Rumex acetosella
Int. Afk.: RUMAA
Rumex acetosella
Int. Afk.: RUMAA
Schapenzuring is een vaste plant die behoort tot de duizendknoopfamilie (Polygonaceae).
Algemeen: meerjarig onkruid met talrijke, ondergrondse uitlopers, die broedknoppen kunnen vormen; tot ca. 40 cm hoog.voedselarme, magere, zure zand- en zandige leemgronden (indicatorplant voor zure en magere grond).
Belangrijkste kiemperiode: voorjaar.
Typische kenmerken: vermeerdering door vlakke uitlopers; planten bedekken de bodem vaak met een rode glans.
Zaadlobben: lancetvormig tot lang-ovaal, gesteeld, vlezig, geel tot roodachtig, ongelijke bladhelften. Loofbladeren: bladeren in het begin in een grondstandige rozet. Eerste blad eirond, tweede ruitvormig, volgende bladeren lancetvormig, meestal met horizontaal afstaande spiesjes aan de bladsteel, duidelijk van de stengel gescheiden. De bladeren van de rozet zijn lang gesteeld. Stengel: enkelvoudig of vertakt en net zoals de bladeren vaak roodachtig aangelopen. De knopen worden door een vliezige buis omsloten.
Bloemen: zeer klein, groengeel tot roodachtig, in bladloze, losse, pluimachtige bloeiwijzen; tweehuizig. De buitenste bloemschutbladeren staan in tegenstelling tot grootste zuring rechtop en niet teruggeslagen.
Bloeitijd: mei-juli, deels tot oktober.
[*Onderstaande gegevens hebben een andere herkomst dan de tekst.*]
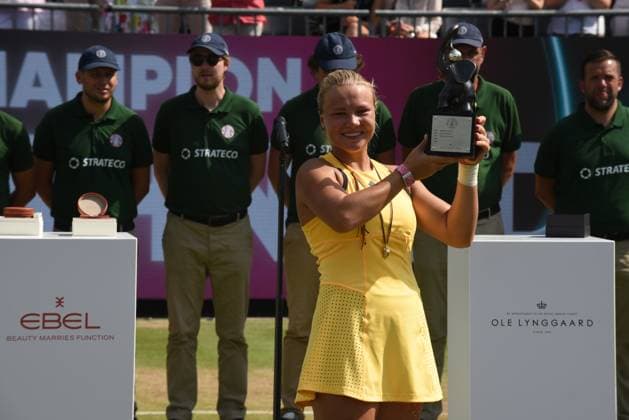 29 06 2024 Bad Homburg vor der Höhe WTA grass tennis tournament from 22 6 to 29 6 2024 Bad Homburg Open 2024 singles final between Diana Shnaider RUS and Donna Vekic Croatia Picture shows winner of the Bad Homburg Open 2024 Diana Schneider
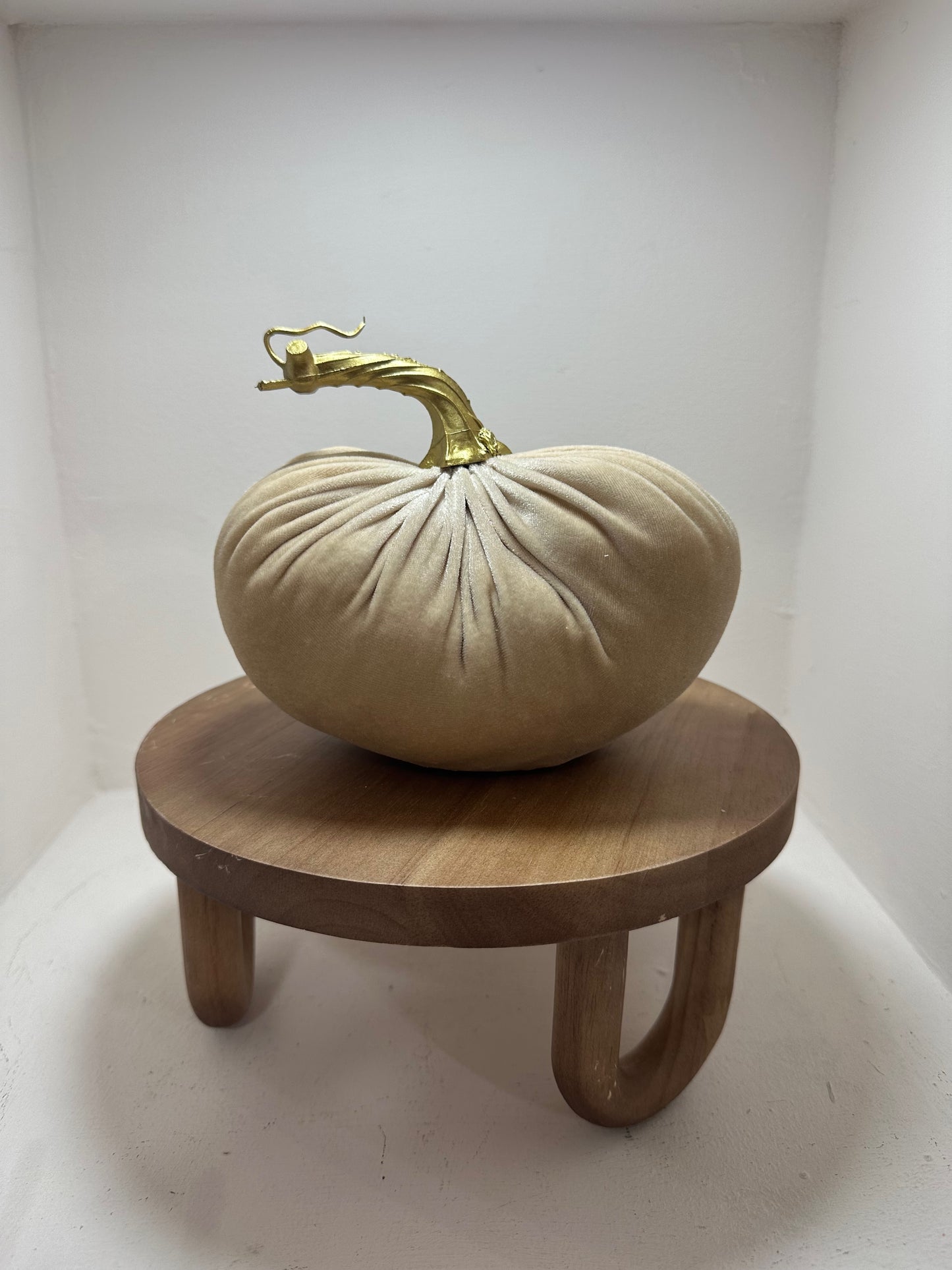 Cojín decorativo calabaza dorada chica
Vruchten: dopvrucht, door bloemblaadjes omsloten.
Zaden: roodbruin, glanzend, eivormig, hoekig; ca. 1.000 per plant; kiemdiepte tot 4 cm.
Levensduur van de zaden in de bodem: meer dan 10 jaar.
Groeiplaatsen: veel voorkomend in magere akkers, vooral in klaver en luzerne; op droge weiden, tegen muren en spoordijken.
Weinig invloed op de opbrengsten; op grasland een lagere opbrengst en voederwaarde.